Then on the other end of the spectrum...we had Games Workshop. I was considering adding their products so I gave them a call. They said they'd send me some information. A few days later I had a pamphlet and a box containing all 3 starter kits. I did not order or pay for this. They sent it to get me interested in carrying the game. So I signed on. I started with what was their base selection and as business picked up, I added a paint rack. This was just before they phased out inks for washes and they had just redesigned their paint rack. They were out of the new one...but they sent me the old one for free. We were open for Fantasy's 25th anniversary. A few weeks before it, I got a random box from GW. Inside was a box of pins, temporary tattoos and all sorts of stuff to put up around the store to celebrate. I made my orders every Monday and almost always had them the following Thursday in time for my Friday night regulars to pick them up. I generally knew within a week of one new launch what was coming out next and could start getting people excited. For the 5th Edition 40k launch I had all the pre-ordered rulebooks, including my collector's edition 3 days before the launch so I could have a midnight release party. When i held a tournamentThis is how a company should treat the retailers that drive their business. I was making money...(well I wasn't but my GW stuff was the only line that did turn a profit) they were making money and all was right with the world.
Fast forward a few years... Wasn't it great that they sent out all that stuff for the 40K 25th anniversary...oh wait they did basically nothing but release an expensive model and have a 6 page write up in White Dwarf. And aren't tey just being great to the indepedent stockists to supply the wit all the new stuff...except the ever growing list that's direct only.

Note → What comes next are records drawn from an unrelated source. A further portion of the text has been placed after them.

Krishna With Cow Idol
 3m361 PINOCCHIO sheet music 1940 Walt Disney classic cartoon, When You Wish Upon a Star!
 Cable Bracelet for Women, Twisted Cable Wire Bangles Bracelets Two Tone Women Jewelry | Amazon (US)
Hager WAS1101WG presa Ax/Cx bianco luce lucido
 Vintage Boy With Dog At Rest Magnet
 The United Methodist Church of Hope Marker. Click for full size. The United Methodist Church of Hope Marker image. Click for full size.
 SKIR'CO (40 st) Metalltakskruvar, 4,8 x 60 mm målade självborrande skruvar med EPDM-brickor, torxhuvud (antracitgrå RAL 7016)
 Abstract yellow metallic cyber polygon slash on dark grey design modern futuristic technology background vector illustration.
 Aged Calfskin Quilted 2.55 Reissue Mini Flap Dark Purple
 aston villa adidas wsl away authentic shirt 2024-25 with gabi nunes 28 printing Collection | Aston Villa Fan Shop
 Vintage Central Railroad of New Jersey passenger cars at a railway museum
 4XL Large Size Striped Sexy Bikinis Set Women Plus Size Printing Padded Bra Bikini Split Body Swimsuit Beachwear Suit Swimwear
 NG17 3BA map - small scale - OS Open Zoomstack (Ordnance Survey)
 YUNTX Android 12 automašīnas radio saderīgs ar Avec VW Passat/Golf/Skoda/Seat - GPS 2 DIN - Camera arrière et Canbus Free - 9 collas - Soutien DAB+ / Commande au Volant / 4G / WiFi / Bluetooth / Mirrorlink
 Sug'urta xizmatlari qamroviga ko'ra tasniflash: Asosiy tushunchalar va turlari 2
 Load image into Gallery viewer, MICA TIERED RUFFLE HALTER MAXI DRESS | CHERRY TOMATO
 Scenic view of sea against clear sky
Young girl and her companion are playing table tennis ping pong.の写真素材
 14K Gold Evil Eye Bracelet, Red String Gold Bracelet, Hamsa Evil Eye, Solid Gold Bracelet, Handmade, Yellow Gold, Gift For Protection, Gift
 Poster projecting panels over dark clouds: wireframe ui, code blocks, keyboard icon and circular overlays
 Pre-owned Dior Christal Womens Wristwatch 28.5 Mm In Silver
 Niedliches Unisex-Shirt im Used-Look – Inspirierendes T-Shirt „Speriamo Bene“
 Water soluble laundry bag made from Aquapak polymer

I'm not going to include the "recent" restrictions to selling online, because that policy was there when I was selling, too but I will mention them cracking down on bits sellers. They bought your product...who cares if they open it up to sell the models piecemeal? GW decided to get out of the bits market years ago and frankly it's a valuable aspect of the trade for hobbyists. Honestly I don't want you back in the market because considering the insane prices you've been charging lately I don't want to spend $20 on a single storm bolter.
As usual with articles of this nature, I don't have an answer. GW doesn't care one bit about their fanbase. We know that and have known that for years. They only care about making money...which isn't a bad thing and as a publicly traded company they owe it to their shareholders to turn a profit. I also know that as with ever other outrage they've pulled in recent years, we'll still pay. We still love the game, warts and all. It's just sad that once upon a time GW still turned a profiit without the evil we now expect from them.